El tiempo que pasó poniendo en ridículo a las policías de tres provincias y a la federal, lo habían convertido en blanco de los uniformados, que según se decía por ese entonces, no tenían intenciones de apresarlo vivo. Cuando escapaban de la fábrica de medias Silvana en Villa Ballester, huían desarmados y murieron acribillados. En el bajo mundo se corrió la versión de que la Bonaerense, reiteradamente humillada por “Pichón”, había ido directamente a matarlo, algo que jamás se pudo probar.
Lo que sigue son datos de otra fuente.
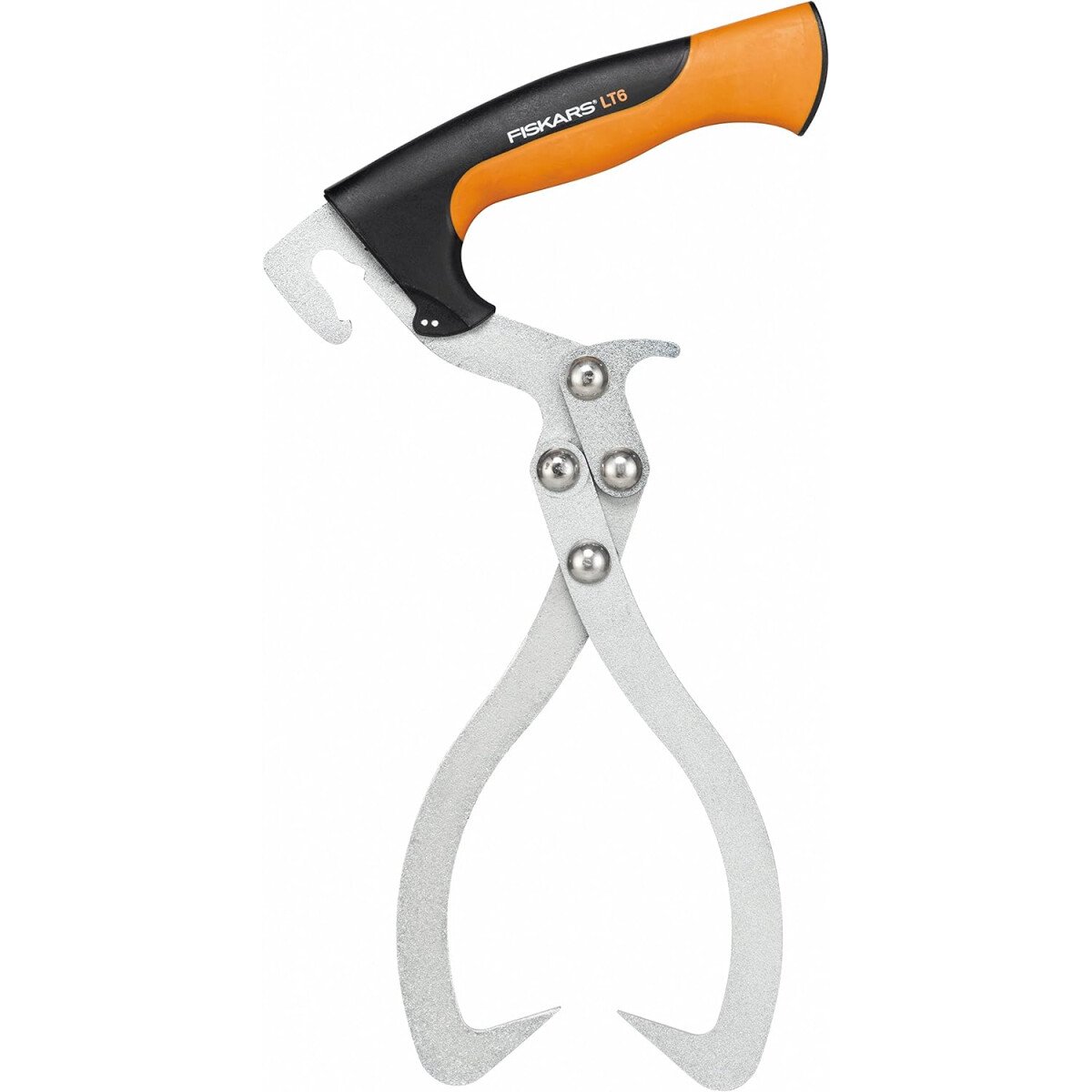 Fiskars 1003625 WoodXpert™ Log Tongs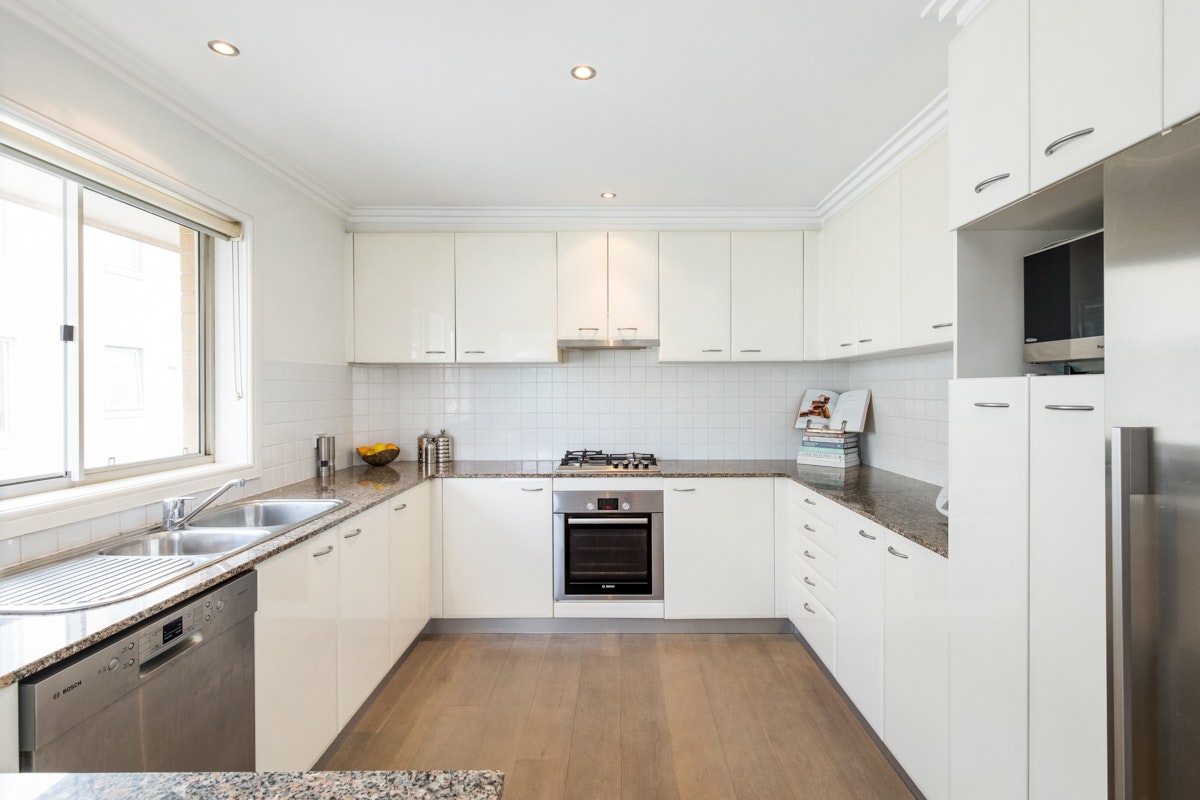 15/3-7 William Street, Rose Bay NSW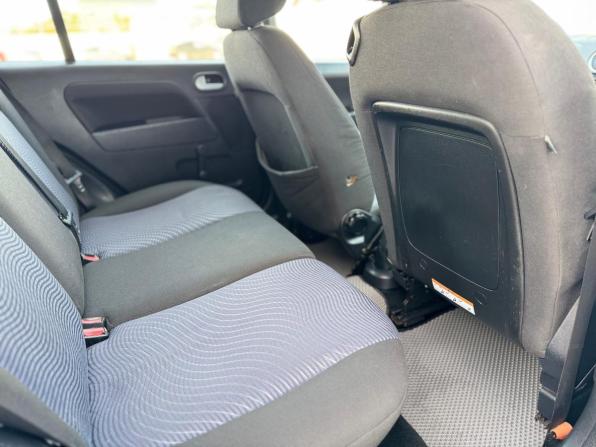 Ford Fusion I Рестайлинг с пробегом 2007 года, цена 449 000 рублей, 239000 км, хэтчбек, Автокод Объявления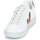 Scarpe Sneakers basse Veja URCA Bianco / Rosso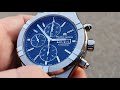 Maurice Lacroix Aikon Automatic Chronograph Review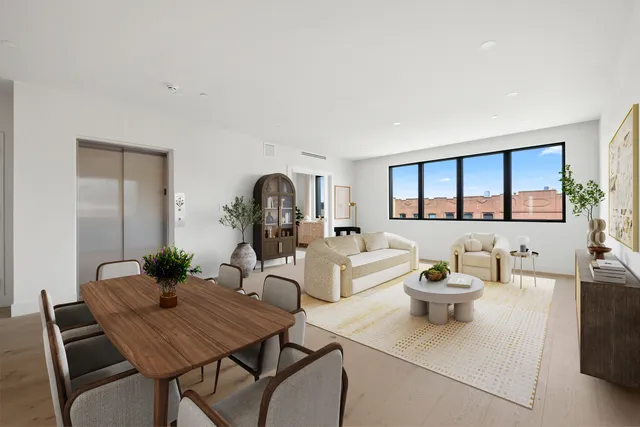 $3,500,000 | 78 1st Place, Unit PH | Carroll Gardens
Ese 7 de noviembre en los penales de Devoto y Caseros los presos, en señal de repudio por lo que consideraban un fusilamiento, apagaron sus radios durante 24 horas.

La crónica policial del momento aseguraba que guardaba un botín de millones, escondido hasta de sus propios confidentes y compañeros, lo que lo convertía en un personaje aún más atractivo para los lectores de noticias policiales en los diarios.

Juan José Laginestra, un caballero ubicado al otro lado de la ley, que con buen trato, inteligencia y creatividad, provocó para él, lo que jamás buscó para sus víctimas: una muerte violenta a fuerza de los balazos que nunca tiró, pero que recibió como pago de una vida dedicada al crimen.